Fuga dei cervelli. Meglio giocare in casa o andare in trasferta?

     Non molto tempo fa l’individuo appartenente ad un paese sviluppato era consapevole di una cosa: vivere in una società basata sull’idea di solidarietà ed assistenza, una società capace di offrire l’opportunità di un’ascesa economica pari o superiore a quella dei propri genitori. L’accesso al mondo del lavoro era meno osteggiato rispetto ad oggi, ma ugualmente impegnativo. Si lavorava sodo e si tornava a casa stanchi ma capaci di apprezzare anche le piccole cose della vita quotidiana. Poi qualcosa è cambiato. È ormai tramontata l’idea onirica che credere in sé ed impegnarsi consentissero di raggiungere i traguardi ambiti. Oggi al giovane che varca la soglia universitaria in uscita non vengono fatte promesse né incoraggiamenti, bensì gli si rivolge un invito ad essere flessibile e competitivo. Bisogna essere capaci di aggiornarsi costantemente e maturare idee inedite, anche se tale suggerimento omette di calcolare i fisiologici limiti umani. Inoltre si viene spronati ad un allontanamento, non esattamente volontario, dalla propria terra d’origine.

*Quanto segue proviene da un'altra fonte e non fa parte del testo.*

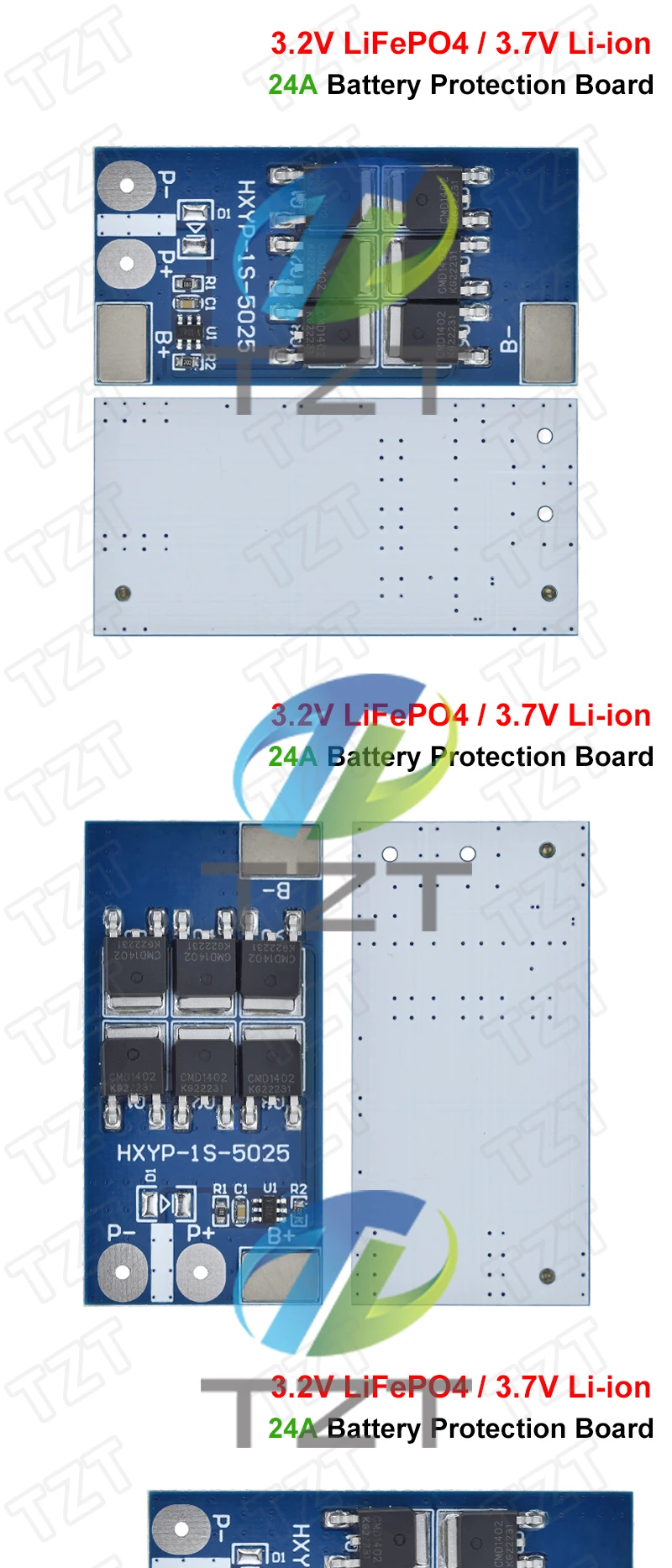 TZT 1S 3.2V 3.7V 24A LiFePO4 Li-Ionen-Lithium-Batterie-Schutzplatine BMS PCB PCM Zellenpack Überlade- und Tiefentladungsschutz – Detail 4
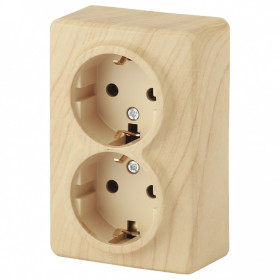 Розетка двойная с заземлением Эра Эра Эксперт 11-2205-11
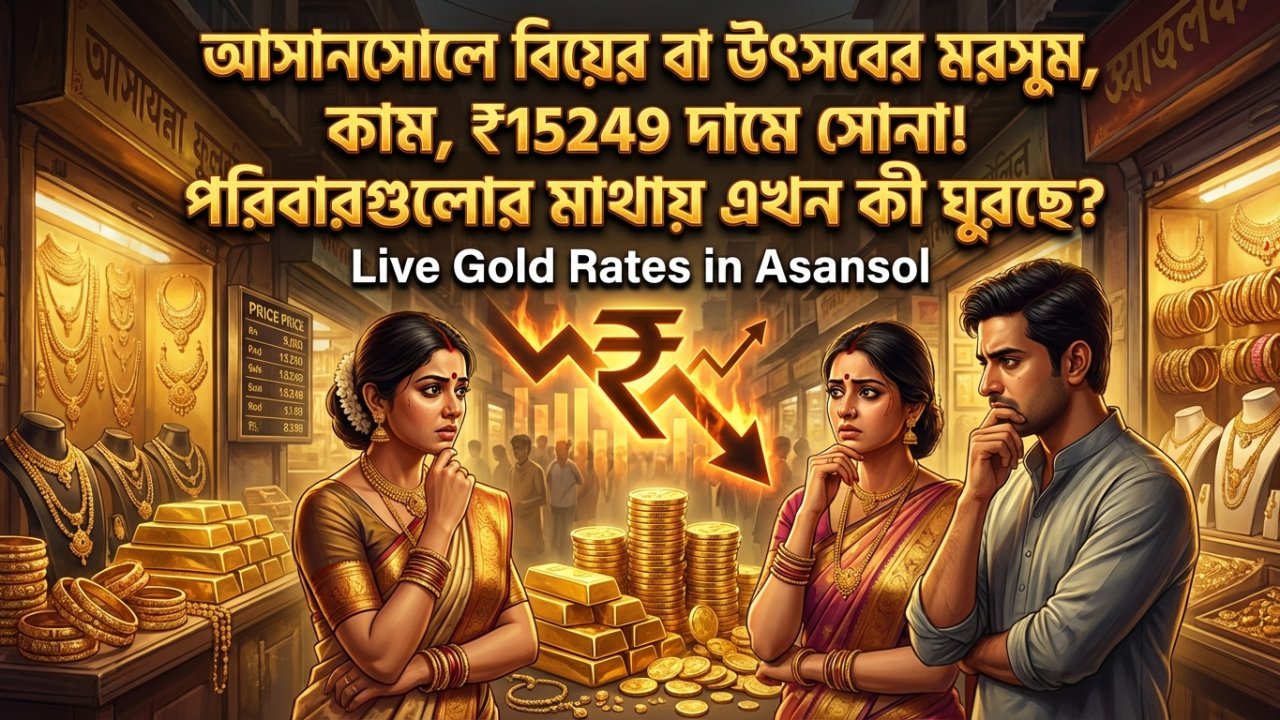 আসানসোলে বিয়ের বা উৎসবের মরসুম, ₹15249 দামে সোনা! পরিবারগুলোর মাথায় এখন কী ঘুরছে?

Perché rassegnarsi alla «fuga dei cervelli»? Allontanarsi da casa, dalla propria città Natale, dai propri affetti, alla ricerca dell’affermazione personale, dimenticando che è in gioco la propria identità, legata appunto alle radici. Perfino lo sport ci insegna che una squadra che gioca in casa è più forte. Sulla questione dell’“esilio giovanile” sono duplicemente schierata.
Da un lato ne condivido i probabili spunti che, se acquisiti all’estero e sviluppati in patria, determinerebbero nuove opportunità di sviluppo per il paese. A tal proposito ricordo la storia di Giovan Battista Pirelli: figlio di un tipografo, ottenne una borsa di studio per recarsi in Francia per sei mesi nella Michelin, dove studiò l’evoluzione della gomma. Tornò con una borsa di appunti sull’industria della gomma e nel 1872, con l’ausilio di investimenti bancari, sorse l’industria Pirelli.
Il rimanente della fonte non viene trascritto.